October and November see a return to the disruptive conditions of April  and May. Once again the leadership is challenged. But it is all part of a bigger shift in the country. Expect this to be a time of dramatic changes both internally but also in Mexico’s relations with its partner countries.
December is a much quieter month as the country absorbs the impact of the previous two months. There are still ongoing long term economic shifts  in play but these are overshadowed by the harnessing of all forces to achieve resolution of more immediate issues. There may even be military involvement, although there is no suggestion of any clampdown or dispute with the majority of the people.
2016 Peso
 
The Peso trend for 2016 looks positive but there is likely to be a great deal of volatility around that trend. And this volatility can be seen as early as January. There are likely to be more rate adjustments in order to manage the overall financial position that underpins the currency. At first these may have a negative impact but in February the picture looks better.
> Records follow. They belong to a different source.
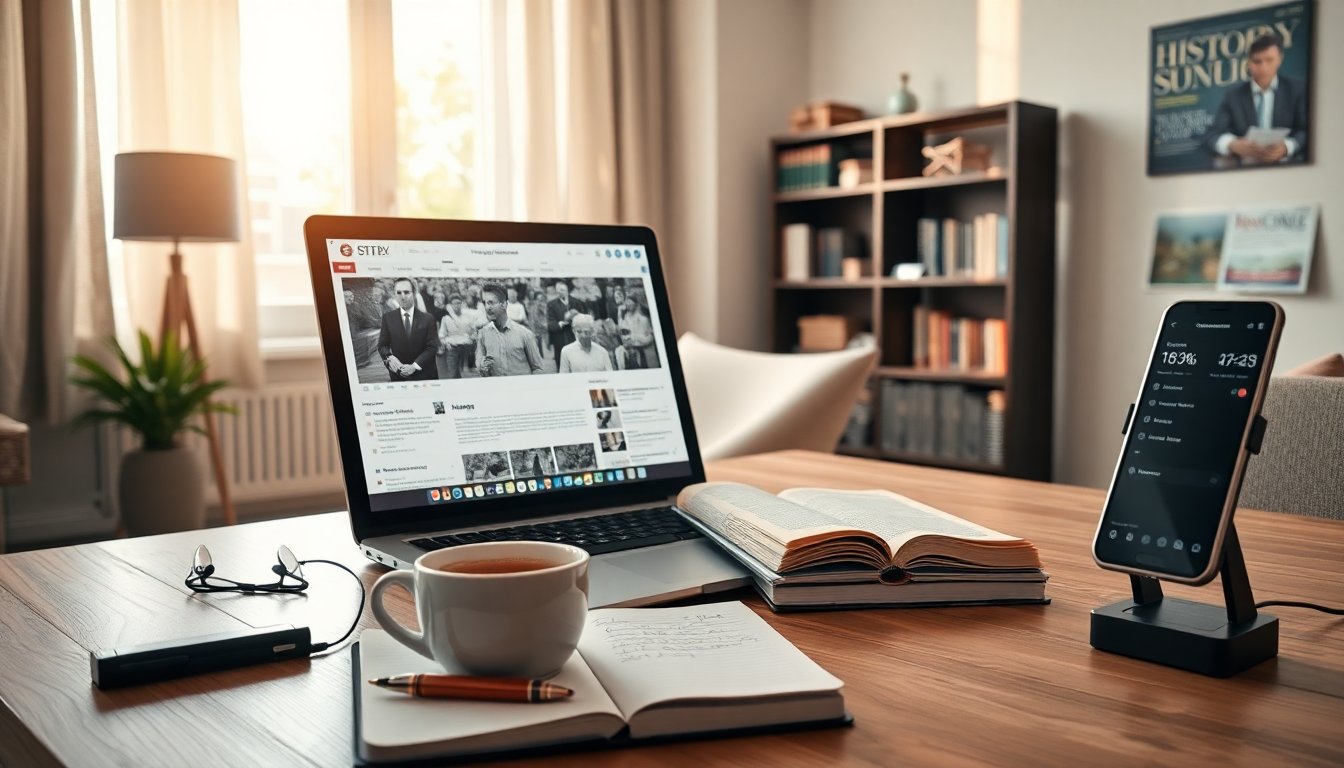 Soziale Medien und ihre Rolle im modernen Journalismus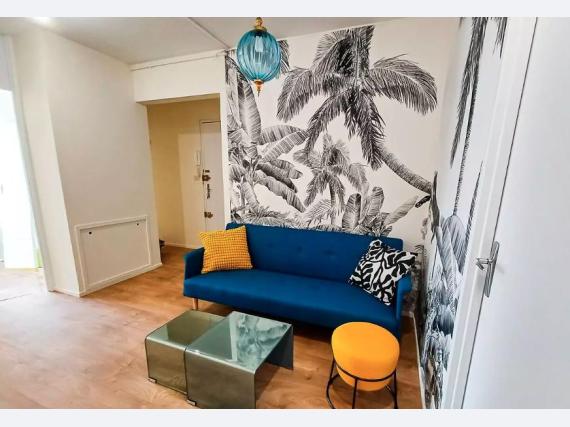 Flat Rue duffour-dubergier in Bordeaux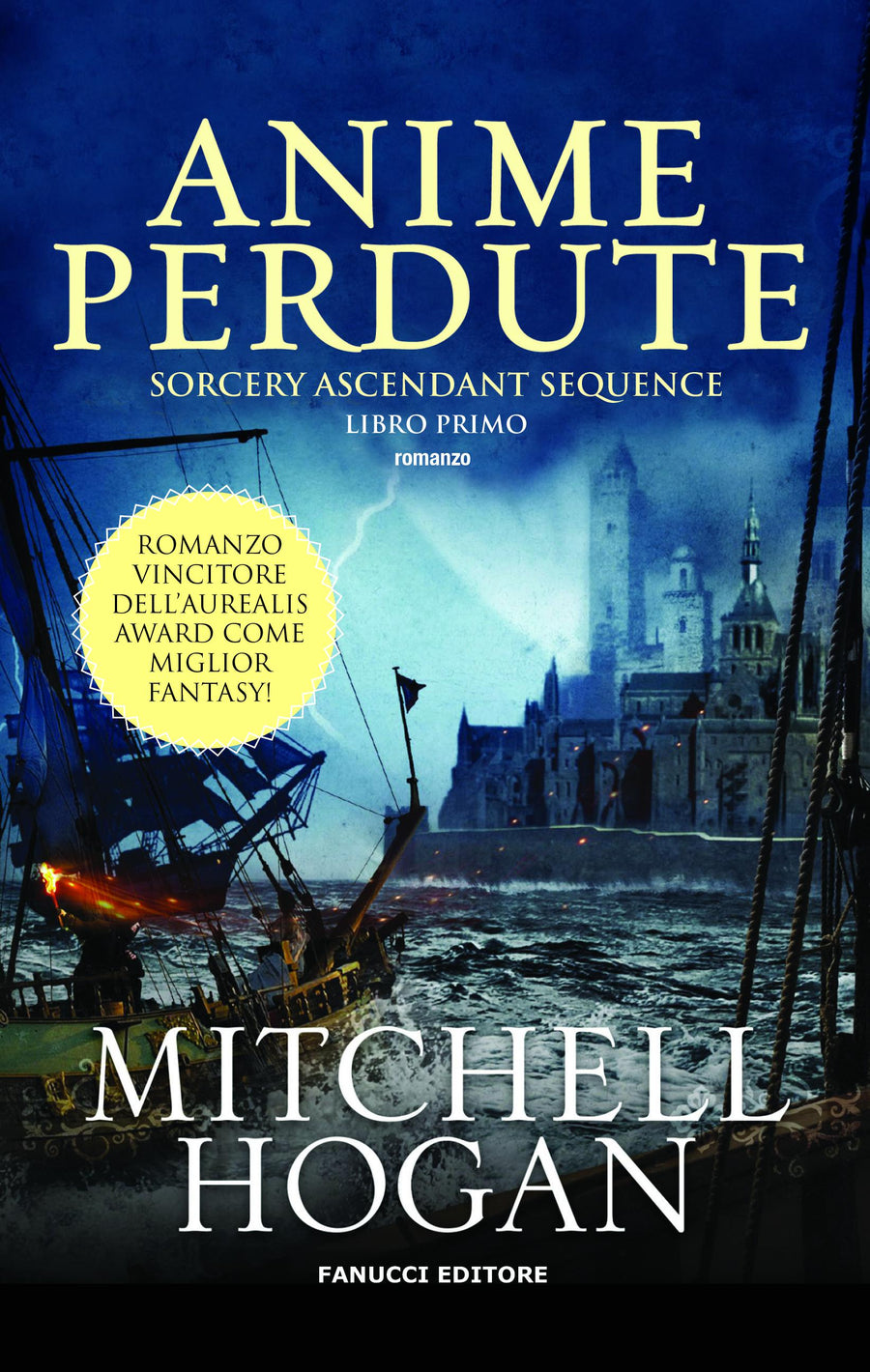 Anime Perdute - Sorcery Ascendant #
March is relatively mixed, with little sense of direction.
Volatility and uncertainty reign again in early April, and as a result there is suppression of value again.
May and June see the uncertainty increase and lead to inertia and certainly no rise in value – in fact there may be some falls in the middle of the period. The latter part of June though sees more positive sentiment again.
August is mixed, with some rate announcements – a distinct trend is unlikely now but at least the volatility is less.
September sees more of the themes from May and June, and this time they are likely to end in an inflationary picture .
October is a mixed month, there are still some  difficulties to contend with but less uncertainty.
November and December continue this mixed theme. November at first should be relatively calm  for the currency but there is a return to volatility in December and less of a positive outlook, albeit temporarily,  by the end of the year.